The Toreando Pass is a standing guard pass built on bilateral leg control and explosive lateral movement. The passer grips both of the opponent’s knees or pant legs, then simultaneously steps to one side while redirecting the opponent’s legs to the opposite side. This opposing-vector motion breaks the guard player’s hip connection and clears a direct path to side control. The technique rewards practitioners who develop strong grip fighting, explosive footwork, and the ability to read defensive reactions in real time. Because the Toreando creates a binary choice for the defender — either allow the pass or turn and expose the back — it functions as both a standalone pass and a forcing mechanism that opens chain-passing opportunities.

From Position: Open Guard (Top)

Key Attacking Principles

What are the key principles for executing Toreando Pass?

  • Establish dominant grips on opponent’s knees or pants before initiating the pass
  • Create lateral angles by stepping to the side rather than moving straight forward
  • Control opponent’s leg positioning by directing both legs to one side simultaneously
  • Maintain strong posture and base throughout the passing sequence
  • Use explosive hip movement to transition past the guard quickly
  • Keep hands and upper body pressure active to prevent guard recovery
  • Chain with other passes when opponent defends effectively

Prerequisites

What do you need before attempting Toreando Pass?

  • Standing or combat base position in opponent’s open guard
  • Strong bilateral grips on opponent’s knees, pant legs, or ankles
  • Opponent’s legs extended or semi-extended in open guard configuration
  • Good base and posture to prevent being swept during setup
  • Understanding of opponent’s guard retention patterns and reactions
  • Ability to maintain grip control while moving laterally

Execution Steps

How do you execute Toreando Pass step by step?

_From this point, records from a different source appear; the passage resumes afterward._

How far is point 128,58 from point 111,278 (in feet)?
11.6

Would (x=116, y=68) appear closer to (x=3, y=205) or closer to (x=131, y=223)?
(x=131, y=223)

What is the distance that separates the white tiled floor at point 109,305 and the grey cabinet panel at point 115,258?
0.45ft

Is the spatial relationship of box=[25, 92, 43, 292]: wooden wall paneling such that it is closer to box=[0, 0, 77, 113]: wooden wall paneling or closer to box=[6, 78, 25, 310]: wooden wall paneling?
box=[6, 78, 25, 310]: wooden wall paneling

  1. Establish grip control: From standing or combat base, secure strong grips on both of opponent’s knees or pant legs. Your grip should be firm but allow for dynamic movement. Keep elbows tight and maintain upright posture to prevent opponent from breaking your posture or sweeping.
  2. Create initial pressure: Drive both hands forward and slightly downward, pushing opponent’s knees toward their chest. This initial pressure breaks their guard structure and prevents them from establishing strong frames or hooks. Keep your weight centered over your hips.
  3. Step laterally to passing side: Take a large lateral step to one side (typically your stronger side first) while maintaining grip pressure on the knees. Your step should be explosive and create approximately 45-90 degrees of angle relative to your starting position. Keep your head and chest forward.
  4. Redirect opponent’s legs: As you step, use your grips to forcefully redirect both of opponent’s legs to the opposite side of your movement. If stepping right, push their legs to your left. This creates the ‘bullfighter’ motion where you move one direction while their legs go the other, clearing your passing path.
  5. Drive hips past guard line: Immediately after redirecting the legs, drive your hips forward and past the opponent’s hip line. Your body should now be perpendicular to your opponent. Release the leg grips as you transition to upper body control, preventing them from re-establishing guard.
  6. Establish side control: Drop your chest and shoulder pressure onto opponent’s torso as you secure side control grips. Control their far shoulder with one hand and use crossface or underhook with the other. Your hips should be heavy on their midsection, preventing guard recovery or escape.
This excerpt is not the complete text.